The Wonthaggi desalination plant, which has been plagued by controversy, missed deadlines, and threats by the proponent to sue the Victorian Government, is listed by Infrastructure Australia as costing $5,720 million. The Peninsula link is shown at $849 million. Canberrans are concerned about the financial burden that the Capital Metro light rail PPP might place on taxpayers.

If the 126 PPPs listed by Infrastructure Australia as currently contracted were included on the public balance sheet, we estimate that PPPs would increase the public debt, which is now around $300 billion, by just $60 billion. It is likely an overestimate given the higher cost of private borrowing that is incorporated into project cost. This needs more research because Infrastructure Australia does not list the cost of all PPPs in a standard way, and we have crudely summed the totals given.

The NSW Government seems to have had a change of heart about PPPs. In an article about the decision to fund the WestConnex toll road through other means, including from the sale of public assets and investment from superannuation funds, an Industry Super Network spokesperson Matthew Linden is quoted as saying “They recognise the PPP structures don’t work going forward. It’s obvious they’re exploring new ways to invest in infrastructure”.

According to an earlier report in the Sydney Morning Herald the NSW government also intends to use tolls on the M4 section “as seed funding to help pay for the rest of the $13 billion WestConnex under plans being drawn up to avoid the financial failure of past Sydney toll roads”.

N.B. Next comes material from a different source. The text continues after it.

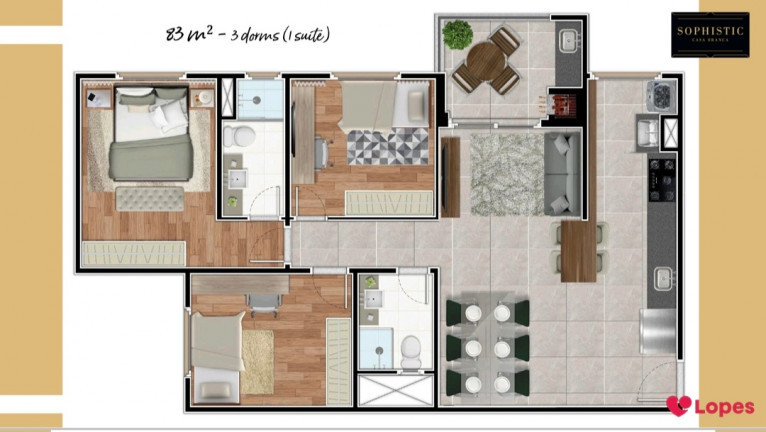 Imagem Apartamento com 3 Quartos à Venda, 83 m² em Casa Branca - Santo André Imagem Apartamento com 3 Quartos à Venda, 83 m² em Casa Branca - Santo André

Arguably, an underlying factor in opting for PPPs is the primacy given to the private sector in Australian politics. Protecting the capacity of major corporations to generate wealth has become central to economic thinking, industry lobbying and government agendas. Infrastructure Australia for example states on its website that “Public Private Partnerships are vital to the development of social and economic infrastructure in Australia.”

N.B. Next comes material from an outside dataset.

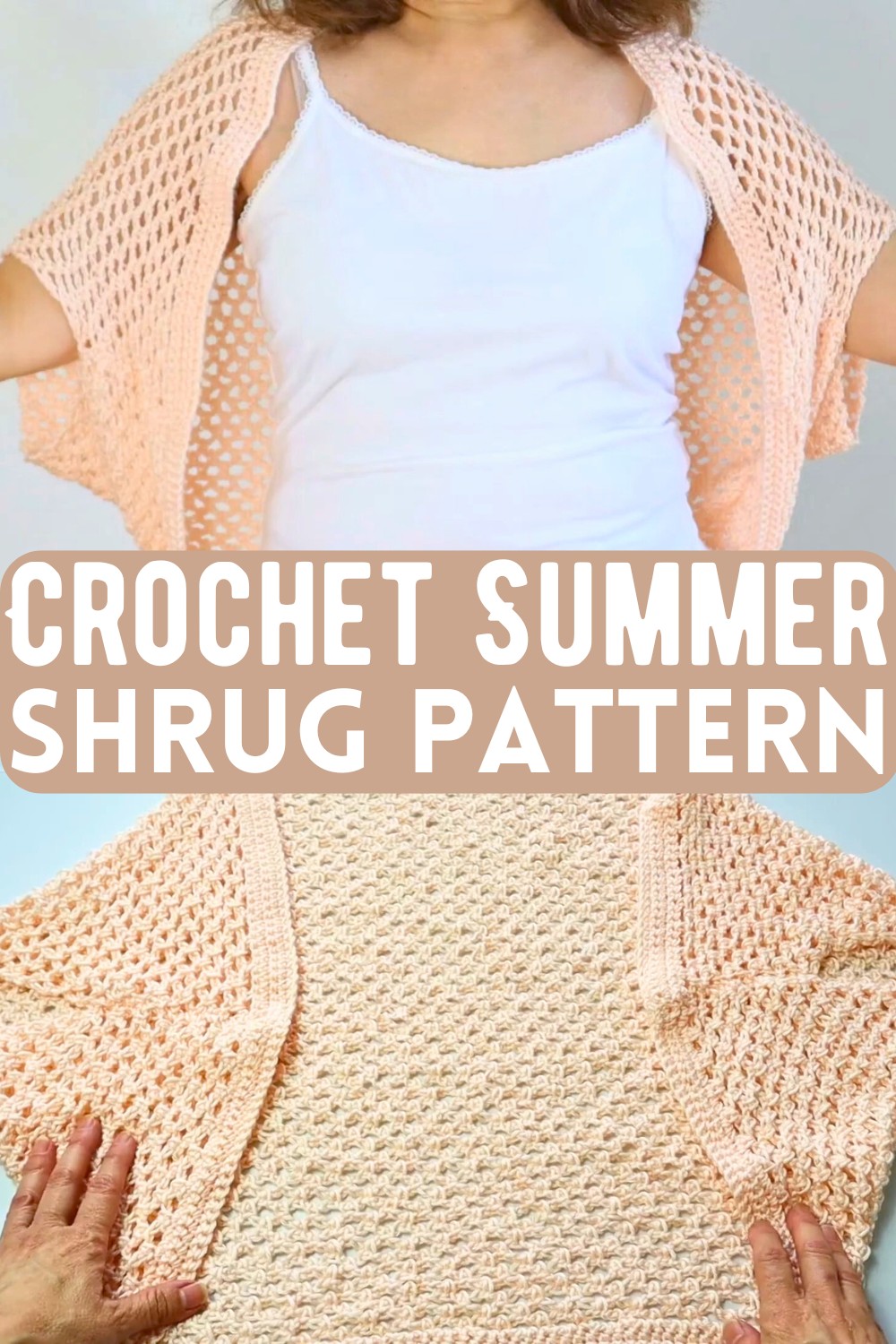 Crochet Summer Shrug Pattern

In regard to the Capital Metro light rail project, the ACT Treasurer Andrew Barr is quoted, perhaps confusingly, as saying that he still sees advantages in PPPs although borrowing for a major infrastructure project would be cheaper for the government than for a private partner because of the ACT's AAA credit rating. Potential pressure from international organisations is a major reason for politicians to be concerned about public debt, and the turn to apparent debt reduction through the use of devices like PPPs.

Perhaps we should begin to scrutinise how corporate Australia manages to influence public policy making while it obscures its own debt to the rest of the world, casts doubt on public debt accrued for demonstrably worthwhile purposes, and rips us off in the process.